Mechanisms implicated in the pathophysiology of NEC, which have been primarily studied in the setting of prematurity, include intestinal microbial dysbiosis, hypoxia, intestinal epithelial immaturity, and immune hyperactivation [6, 7, 13, 14]. For example, high mobility group box 1 (HMGB1) is a polypeptide released from immune cells and induces an inflammatory response by directly acting on pattern recognition receptors, including the innate immune receptor Toll-like receptor 4 (TLR4) [15, 16]. TLR4 is the receptor for lipopolysaccharide (LPS) expressed by Gram-negative bacteria, and its activation on immune and non-immune cells leads to a powerful inflammatory cascade [17,18,19]. Both HMGB1 and TLR4 are upregulated during NEC and have been implicated in intestinal inflammation and disease pathogenesis [14, 20,21,22,23,24].
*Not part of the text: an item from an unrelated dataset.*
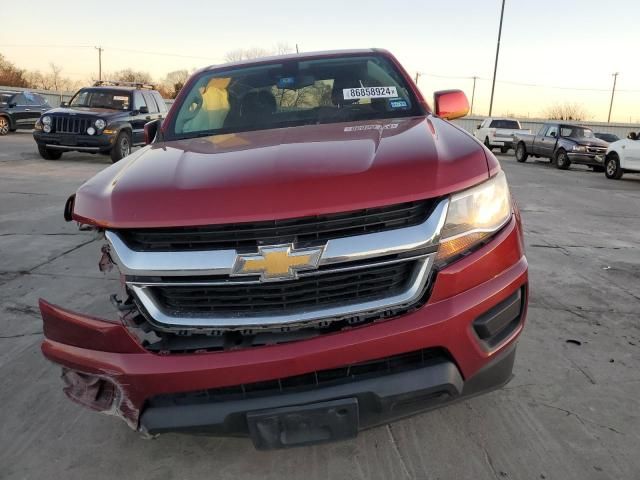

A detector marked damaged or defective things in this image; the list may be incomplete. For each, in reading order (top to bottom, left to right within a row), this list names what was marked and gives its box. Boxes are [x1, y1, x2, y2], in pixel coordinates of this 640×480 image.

cracked hood [71, 116, 490, 229]
damaged red truck [41, 50, 528, 448]
crumpled front bumper [41, 216, 528, 440]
In seeking to determine the potential mechanisms involved in our previously reported association between NEC and NOWS in late-preterm and full-term neonates [5], we prospectively measured the expression of HMGB1 and TLR4 in the stool of neonates with NOWS and controls. We hypothesized that HMGB1 and TLR4 expression would be increased in the stool of neonates with NOWS, as a reflection of a heightened intestinal inflammatory milieu.
Materials/subjects and methods
Population and sampling
A prospective cohort study of infants born at Hoops Family Children’s Hospital (Huntington, WV, USA) was performed from August 2020 until June 2021 after approval by the Marshall University Institutional Review Board. Inclusion criteria were a gestational age of at least 36 weeks and exclusive formula feeding. Exclusion criteria included an Apgar score of less than five at 5 min, receipt of any breast milk feeds, congenital anomalies present at birth, and concern for sepsis, respiratory distress, or other health complications. Infants who met the study criteria were recruited and enrolled after signed parental consent was obtained. Informed consent was obtained for all enrolled patients.
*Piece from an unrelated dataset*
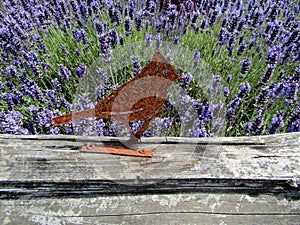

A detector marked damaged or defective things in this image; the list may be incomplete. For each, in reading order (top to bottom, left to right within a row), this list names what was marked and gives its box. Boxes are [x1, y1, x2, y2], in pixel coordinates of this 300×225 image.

rusty metal bird [52, 51, 180, 156]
A urine toxicology screen (Utox) was performed for all patients upon admission for delivery at Cabell Huntington Hospital (Huntington, WV, USA). At delivery, umbilical cord tissue toxicology screening was performed for any patient with a positive toxicology screen on admission for delivery, a history of a positive toxicology screen during pregnancy, or a history of opioid or illegal drug use. All opioid-exposed infants were monitored for a minimum of five days of observation for the development of NOWS.
Stool samples utilized in this study were collected for neonates in the opioid-exposed group between days 1 and 3 and days 4 and 9 after delivery. For the non-opioid-exposed infants, a stool sample was collected between days 1 and 3 after delivery. After discharge from the hospital, the parents of the non-opioid-exposed infants were given a bag with stool collection instructions and an identifying sticker to place on a diaper for the second collection, which occurred between days 4 and 8 after delivery. Samples were subsequently brought to the infant’s Marshall Pediatrics newborn follow-up visit.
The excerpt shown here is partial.